NINE

888 128 4
                                    

Yerin menguap lebar di atas kasurnya. Matanya belum sepenuhnya terbuka. Hari ini, ia bangun sangat lebih pagi dari hari-hari sebelumnya. Bukan tanpa alasan. Besok, adalah hari pernikahannya. Dan hari ini, atau lebih tepatnya pagi ini, adalah hari keberangkatannya kabur menuju Jepang.

Hal ini tentu sudah disiapkan olehnya dengan matang jauh hari. Gadis itu bahkan sebisa mungkin bersikap seperti biasanya dan bertingkah seperti anak baik yang penurut, agar tak ada satu pun yang mencurigai dan mengetahui rencananya ini. Yerin pun juga tak memberitahu Taehyung terkait rencananya dan tidak mempedulikan apa yang akan terjadi pada Taehyung apabila ia kabur dari pernikahan mereka secara diam-diam dan tak terduga.

Yerin bahkan juga sudah memindahkan seluruh tabungannya ke rekening bank lain, menyiapkan tempat tinggal yang nyaman untuknya di sana, serta hal-hal kebutuhan kehidupannya yang lain. Ia bahkan juga sudah siap menerima konsekuensi jikalau ia tak bisa ber-karir design lagi di Korea. Maka dari itu, ia siap kabur ke Jepang dan memulainya karirnya dari awal di negeri sakura itu.

Kakinya baru saja menyentuh lantai kamarnya. Namun sesuatu yang ganjil tampak menggelitik telapak kakinya yang halus. Otomatis, kepala Yerin menunduk dengan bingung. Potongan-potongan kertas tampak menyebar sempit di bawah telapak kakinya. Dahinya berkerut penasaran. Segera ia mengambil salah satu potongan kertas itu dan mengamatinya dengan mata yang tak sepenuhnya terbuka.

Baru dua detik ia melihatnya, kedua pupil mata Yerin melebar dengan sempurna. Mengetahui potongan kertas apa yang mengotori lantai kamarnya.

Tiket pesawatnya.

Yerin memekik keras. Matanya tak lagi mengantuk dan nyawanya utuh kembali dalam jiwanya sekejap saja.

Siapa yang berani? Siapa pula yang tahu perihal rencana kaburnya ke Jepang? Siapa juga yang dengan seenaknya saja memasuki kamar Yerin dan dengan tanpa berdosa merobek kecil tiket pesawatnya?

Yerin menggeram penuh emosi. Ia dengan cepat mengumpulkan beberapa potongan tiket pesawatnya dengan asal-asalan. Kakinya melangkah dengan lebar sekaligus kasar menuju pintu kamarnya. Mencari tersangka perilah tiket pesawar miliknya yang sudah tak berbentuk tiket lagi.
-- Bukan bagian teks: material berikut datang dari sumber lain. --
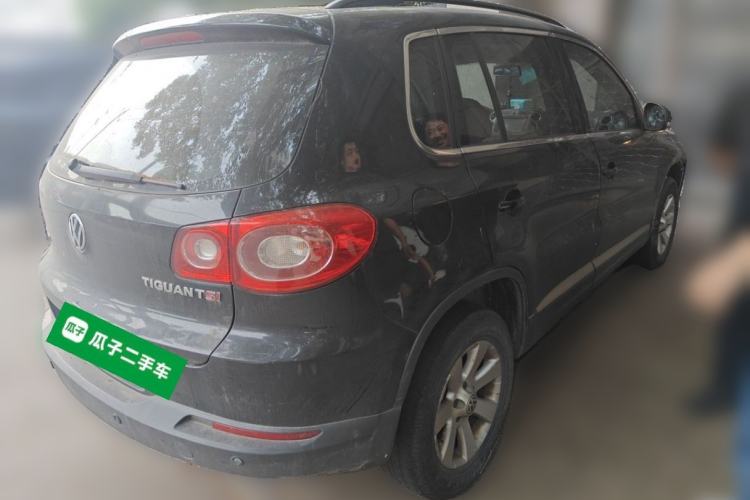 Used Volkswagen Tiguan 2012 1.8TSI Automatic Two-Wheel Drive Trend Edition Rear Right 45 Deg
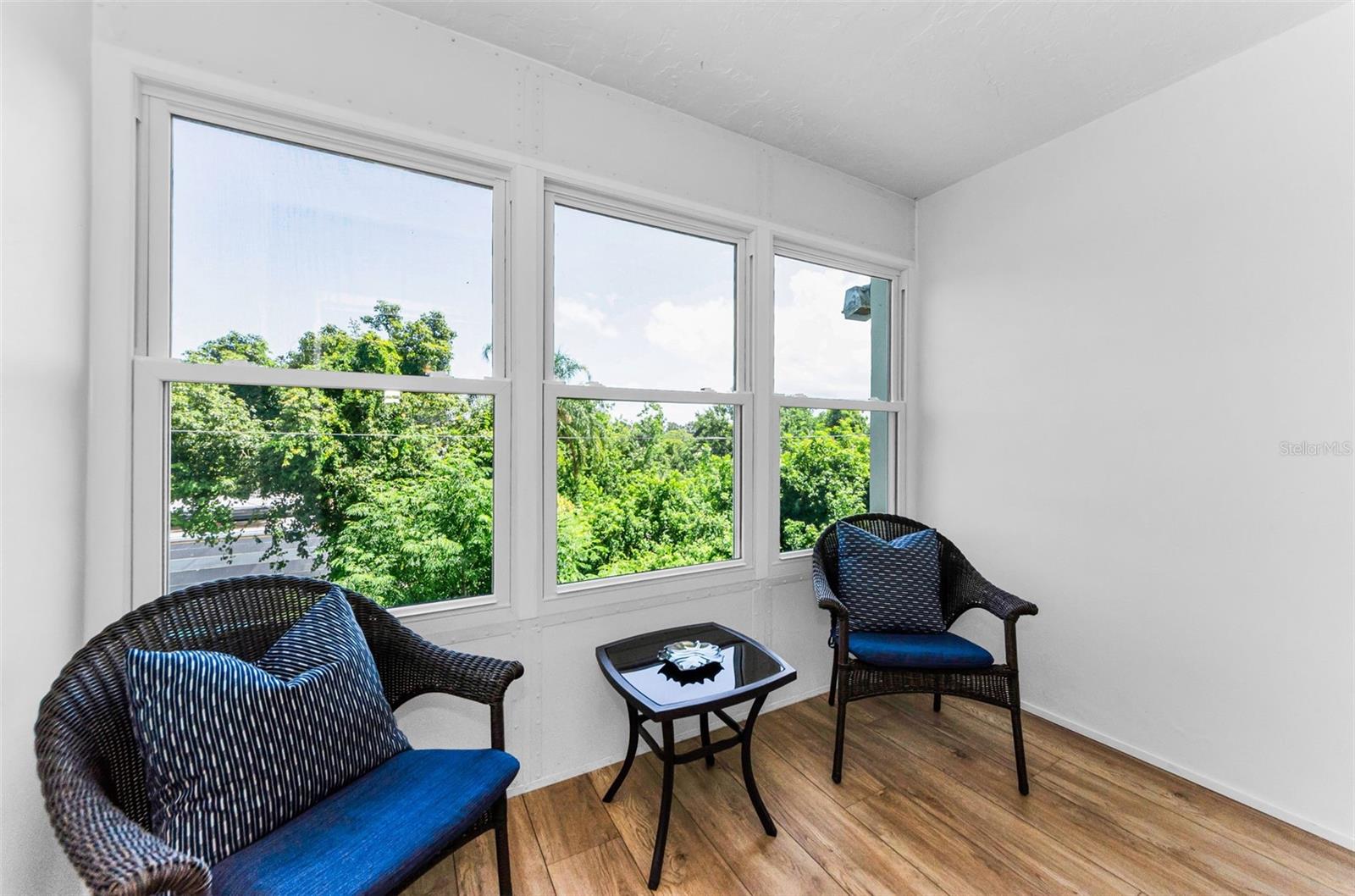 Image 11 of 64 For 952 Virginia Street 303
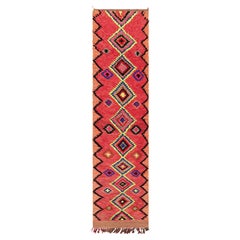 Marokkanischer Vintage-Läufer in Rot mit Diamantmuster, von Rug & Kilim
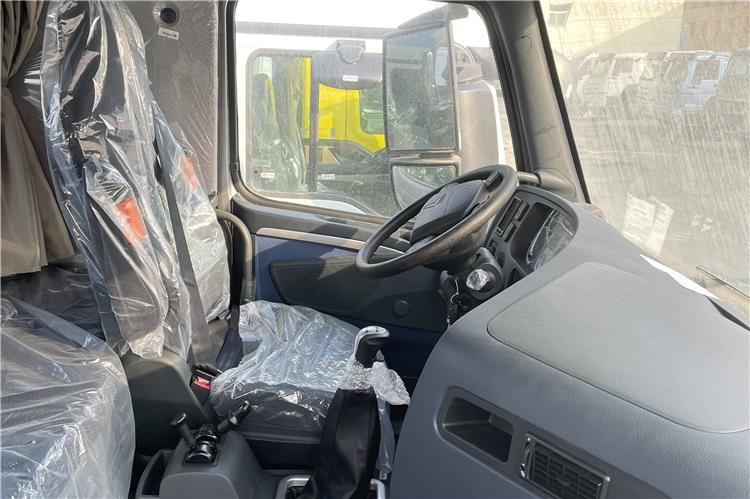 SINOTRUK Howo T7H Truck Head for Sale In Zimbabwe - Влекач: снимка 3 SINOTRUK Howo T7H Truck Head for Sale In Zimbabwe - Влекач: снимка 3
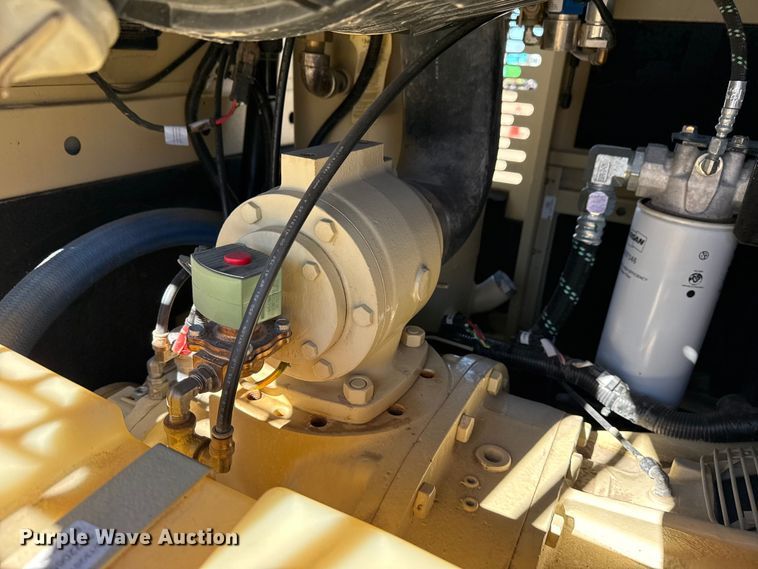 image for item EG2067 2015 Doosan HP450/VHP400WCU/T4I air compressor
Namun lagi-lagi, pintu kamarnya bahkan terkunci. Tak ada kunci kamar dengan gantungan monyet miliknya yang biasa menggantung di lubang kunci pintu kamarnya. Dan apa? Ia sama sekali tak bisa membuka pintu kamarnya. Ia terkunci dari luar. Padahal Yerin ingat betul kalau semalam ia mengunci pintu kamarnya dengan baik.

Sial!

Yerin menggeram semakin marah. "Ahjumma! Buka pintunya sekarang! Ahjumma Shin!"

Yerin menggetuk pintu kamarnya kuat dan penuh amarah. Ia sangat tidak peduli jika ini masih terlalu pagi untuk membuat keributan yang tidak berarti. Tangannya masih tak berhenti mengetuk kasar pintu kamarnya.

"Ahjumma!"

"Yerin-ah."

Bukan. Itu bukan suara ahjumma Shin. Itu suara lembut sekaligus pelan milik ibunya dari luar pintu kamarnya. Memanggil nama Yerin dengan pelan dan putus asa.

"Eomma?! Eomma, buka pintunya sekarang!" Yerin berteriak kesal. Tidak peduli kalau yang diteriakinya itu adalah ibu kandungnya sendiri.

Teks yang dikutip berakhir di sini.